Oren Osterer spricht mit Zehntklässlern des Viscardi-Gymnasiums über das Judentum und Antisemitismus. (Foto: Carmen Voxbrunner)

Der Unterricht mit dem jüdischen Medienwissenschaftler Oren Orterer stößt bei Brucker Schülern auf großes Interesse

Von Manon Harenberg, Fürstenfeldbruck

"Ihr seid zu Toleranz und Zivilcourage aufgerufen, denn davon lebt unsere Demokratie." Mit diesem Worten beginnt Klassenlehrerin Sybille Hausdorf den Unterricht in der 10. Klasse des Viscardi-Gymnasiums. An zwei Tagen geht es an der Schule um Achtung und Wertschätzung gegenüber Menschen jüdischen Glaubens. Veranstaltet werden die sogenannten Antisemitismus-Tage für die zehnten Klassen.

Zu Gast ist der Münchner Medienwissenschaftler und Politologe Oren Osterer, selbst Jude. Die Schülerinnen und Schüler sollen die Gelegenheit haben, das Judentum aus erster Hand kennenzulernen und mit Osterer in den interreligiösen Dialog treten. Voneinander lernen, gemeinsam Krisen meistern und so die Demokratie schützen, darum geht es.

Seit 2017 darf sich das Viscardi-Gymnasium als "Schule ohne Rassismus" bezeichnen. Es ist damit Teil eines Netzes aus über 3000 Schulen, die sich aktiv gegen Diskriminierung positionieren. Der Lehrplan für Mittel- und Oberstufe des Gymnasiums sieht die Behandlung von Nationalsozialismus, Zweiten Weltkrieg und Nah-Ost-Konflikt vor. Antisemitismus ist dabei ein wichtiger Punkt.

Osterer setzt mit seinem Vortrag bei den noch viel grundsätzlicheren Fragen an, die in der Schule teilweise wegen Zeitmangels unter den Tisch fallen: Wer ist Jude und wie wird man Jude? Wie viele Juden leben überhaupt in Deutschland, in Israel und auf der Welt? Und woher kommt der Spruch "Zwei Juden, drei Meinungen"? Ein bekannter Witz, der zeigen solle, wie Unterschiedlich die Juden seien. Denn eine einheitliche Religionsgruppe seien sie nicht, es gebe kaum eine Gebiet, auf dem alle Juden einer Meinung seien.

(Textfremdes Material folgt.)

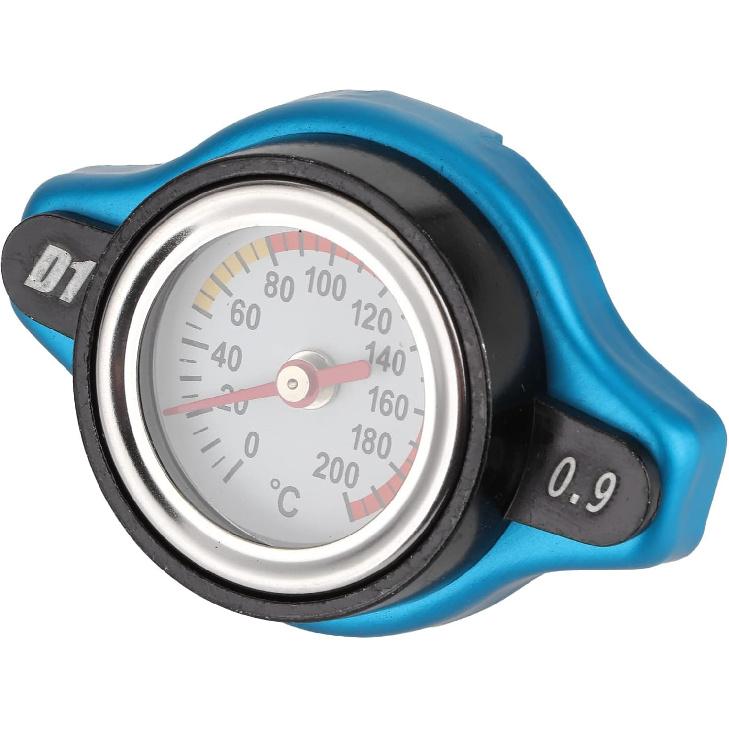 Car Radiator Cover, Thermostatic Radiator Cover Universal Thermostatic Radiator Water Cover Leakproof With Temperature Gauge (Big head 1.1bar) small head 0.9bar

Abgestimmt auf die Schüler und interaktiv gestaltet Oren seinen Vortrag, die Schüler folgen ihm aufmerksam und sehr interessiert. Was assoziieren sie mit dem Begriff "Jude"? Wörter wie Holocaust, Rassenlehre oder Unterdrückung fallen, die meisten Begriffe stehen in Verbindung mit dem Nationalsozialismus. Auch werden jüdische Riten und Gebräuchen genannt, wie Sabbat, Kippa oder die Thora. Meist kämen den Menschen vor allem negativ konnotierte Begriffe in den Sinn, sagt Osterer. Denn in Schulbüchern gebe es vor allem zwei Themen, die in den Zusammenhang mit dem Judentum gebracht würden: Holocaust und Nahost-Konflikt. Das allein spiegle die Realität der Juden aber nicht wider. "Ich finde es wichtig über Antisemitismus aufzuklären - präventiv", sagt er. Osterer, geboren 1981 in Köln, hat schon in seiner eigenen Schulzeit Antisemitismus erlebt. "Das, was ihr mit den Palästinensern macht, ist das, was Hitler mit euch gemacht hat", habe damals ein Siebtklässler zu ihm gesagt, berichtet er. Seither habe er öfters mit Antisemitismus zu tun. Aber was ist Antisemitismus überhaupt? Die Schüler sollen eine Definition finden. Eine Abneigung oder Feindlichkeit gegen Juden, sagen sie.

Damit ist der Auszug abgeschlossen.